I haven’t tried reverting and uninstalling adam:ONE. The NAS worked properly before adam:ONE (and my memory says it did for a while afterwards, but I’m not sure). I will try this permutation if its results would help.
Replacing the pfSense box with a router results in the NAS functioning properly. I used the router to set it up and it continues working properly inside our network with adam:ONE in all permutations – unless it needs to communicate with the Internet; only its DNS seems to be working.
That seems like an awful lot of effort to try to prove that Adam:One is the problem. I would suggest maybe not doing all that and instead trying to find an answer on the forum or with Adam support. I can’t imagine uninstalling an entire Adam package just to get a device to work. At the end of the day you still need a firewall to protect your network and just removing it from the equation is just creating work for you that you have to undo eventually.
Please post what the logs are saying about your NAS, and post the network config of your synology box on the synology dashboard. Also let us know what your pfsense dhcp server is provisioning for a search suffix.
Hi @Fred_H
Can you check what DNS servers are assigned or configured on your NAS? My guess is that the NAT hijacking that is usually configured on the gateway is causing an issue with Synology. As you said the queries look OK, but perhaps it’s still causing an issue.
Thank you @nckrwlmn. Your first paragraph is why I didn’t uninstall.

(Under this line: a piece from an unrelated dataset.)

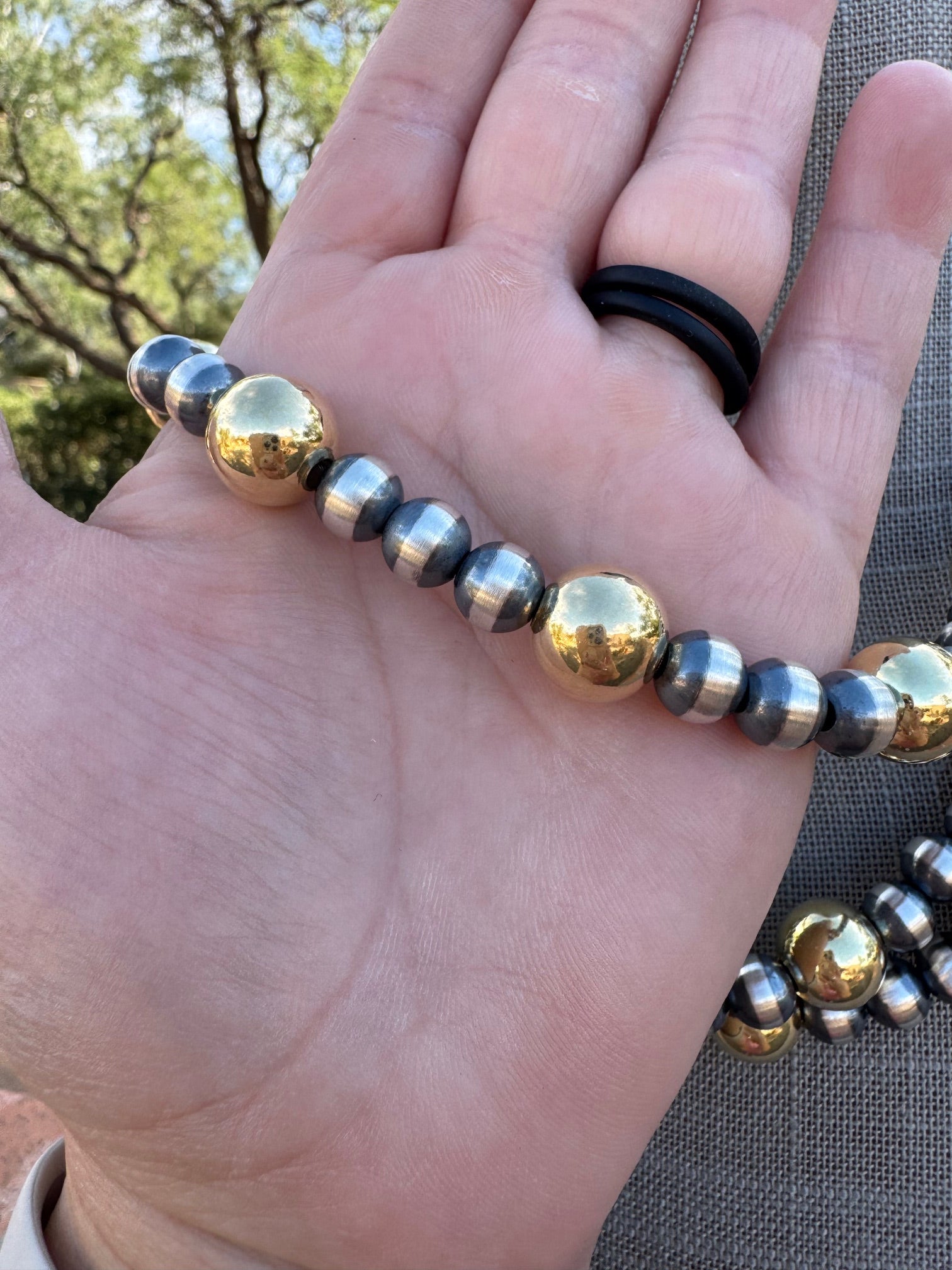 Handcrafted Sterling Silver & Gold 4 & 10mm Beaded Necklace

I just have the basic logs available at present; after looking through them (they aren’t available in one of the available file types to upload), the only repeated error was: “Failed to send email. (Failed to execute request curl_easy_perform error: 6).”
The network config is below.
I couldn’t find any suffix setting for my (kea) DHCP server; I’m using only its default settings. However, under Control Panel | Network setings | General | Advanced Settings the “Apply the domain name provided by the DHCP server” is unchecked. I unchecked it to fix multiple “Erred” DNS queries (see this topic).
OK then my theory doesn’t hold up.
This might be a case where you want to enable Level 6 logging, reproduce the issue, and then run the command adamone-issue and send the resulting file to support@adamnet.works
You can reference this forum post in your email.
With help, created a pfSense rule to bypass the NAS around adam:ONE. After doing so had the same problem, so it’s not adam:ONE. When I find the reason I’ll post it here to close the loop.
It was a stupid mistake: After I had entered the new NAS MAC for static routing I, for some reason, restored an old pfSense config with the old NAS MAC. After that, things spiraled down.
The miracle is that the NAS worked at all with an incorrect MAC in the static routing.
I greatly appreciate everyone’s help and I’m sorry I wasted your time.
Fred
P.S. My pfSense backups now have the proper MAC code.